WASHINGTON—A growing number of credit unions are expected to report data breaches in the coming weeks as new details emerge about the ransomware attack on Marquis Software Solutions, a third-party marketing and data-management vendor serving hundreds of financial institutions, according to multiple disclosures and media reports.
TechCrunch reported that Marquis has begun notifying “dozens” of U.S. banks and credit unions that customer data was stolen in its August 14 cyberattack, now confirmed by the company as a ransomware incident. State filings reviewed by TechCrunch show at least 400,000 individuals already identified as affected across Iowa, Maine, Texas, Massachusetts, and New Hampshire, with that figure expected to rise as more notifications are submitted.
Marquis, which works with more than 700 financial institutions, said attackers exploited a zero-day vulnerability in its SonicWall firewall to access files containing names, dates of birth, addresses, account numbers, card data, and Social Security numbers.
Credit-union impacts are beginning to surface. As CUToday.info reported on Dec. 1, CoVantage Credit Union disclosed that approximately 160,000 of its members may have had sensitive information accessed after Marquis detected suspicious activity and confirmed a system intrusion on Aug. 14. Marquis told CoVantage the breach was contained to the vendor’s environment and did not involve the credit union’s internal systems. The vendor’s investigation and forensics review led to client notifications beginning Oct. 27, with state attorneys general formal notices filed starting Nov. 26.
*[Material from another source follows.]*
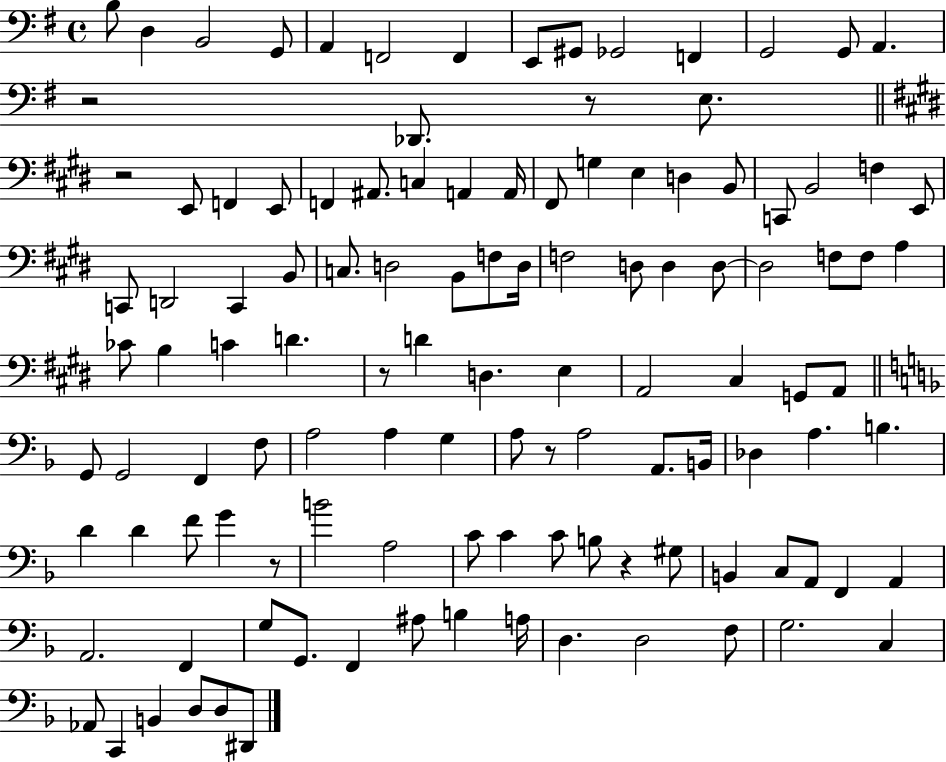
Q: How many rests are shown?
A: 7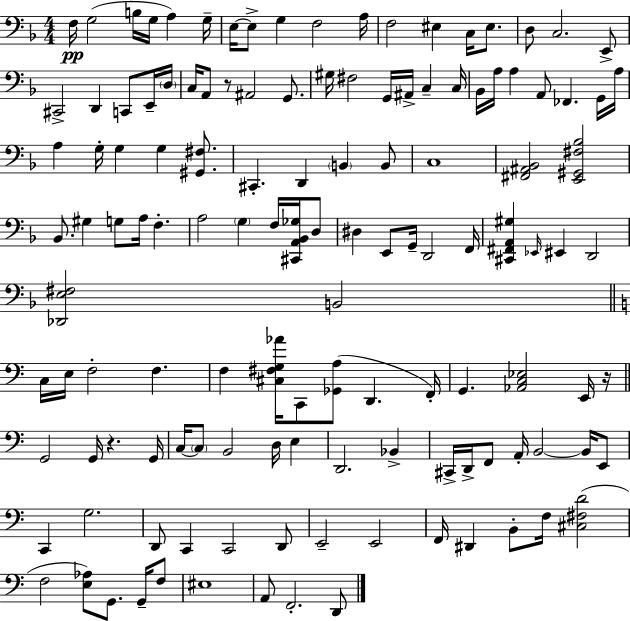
F3/s G3/h B3/s G3/s A3/q G3/s E3/s E3/e G3/q F3/h A3/s F3/h EIS3/q C3/s EIS3/e. D3/e C3/h. E2/e C#2/h D2/q C2/e E2/s D3/s C3/s A2/e R/e A#2/h G2/e. G#3/s F#3/h G2/s A#2/s C3/q C3/s Bb2/s A3/s A3/q A2/e FES2/q. G2/s A3/s A3/q G3/s G3/q G3/q [G#2,F#3]/e. C#2/q. D2/q B2/q B2/e C3/w [F#2,A#2,Bb2]/h [E2,G#2,F#3,Bb3]/h Bb2/e. G#3/q G3/e A3/s F3/q. A3/h G3/q F3/s [C#2,A2,Bb2,Gb3]/s D3/e D#3/q E2/e G2/s D2/h F2/s [C#2,F#2,A2,G#3]/q Eb2/s EIS2/q D2/h [Db2,E3,F#3]/h B2/h C3/s E3/s F3/h F3/q. F3/q [C#3,F#3,G3,Ab4]/s C2/e [Gb2,A3]/e D2/q. F2/s G2/q. [Ab2,C3,Eb3]/h E2/s R/s G2/h G2/s R/q. G2/s C3/s C3/e B2/h D3/s E3/q D2/h. Bb2/q C#2/s D2/s F2/e A2/s B2/h B2/s E2/e C2/q G3/h. D2/e C2/q C2/h D2/e E2/h E2/h F2/s D#2/q B2/e F3/s [C#3,F#3,D4]/h F3/h [E3,Ab3]/e G2/e. G2/s F3/e EIS3/w A2/e F2/h. D2/e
Now Claim Depot is reporting a second credit union victim: $754-million Maine State Credit Union, based in Augusta. According to a disclosure filed with Maine’s attorney general on Dec. 2, Marquis confirmed that 38,334 Maine residents tied to the credit union were affected. The investigation found that ransomware actors accessed Marquis’ network through the SonicWall vulnerability, potentially acquiring files containing names, addresses, phone numbers, dates of birth, Social Security numbers, Taxpayer Identification Numbers, and financial account information. Marquis engaged cybersecurity experts, notified federal law enforcement, and by late October had begun informing affected business customers, Claim Depot stated.
Given Marquis’ extensive client base and the scope of data stored across its systems, TechCrunch reported that the number of impacted individuals—and institutions—is likely to expand as additional state filings appear.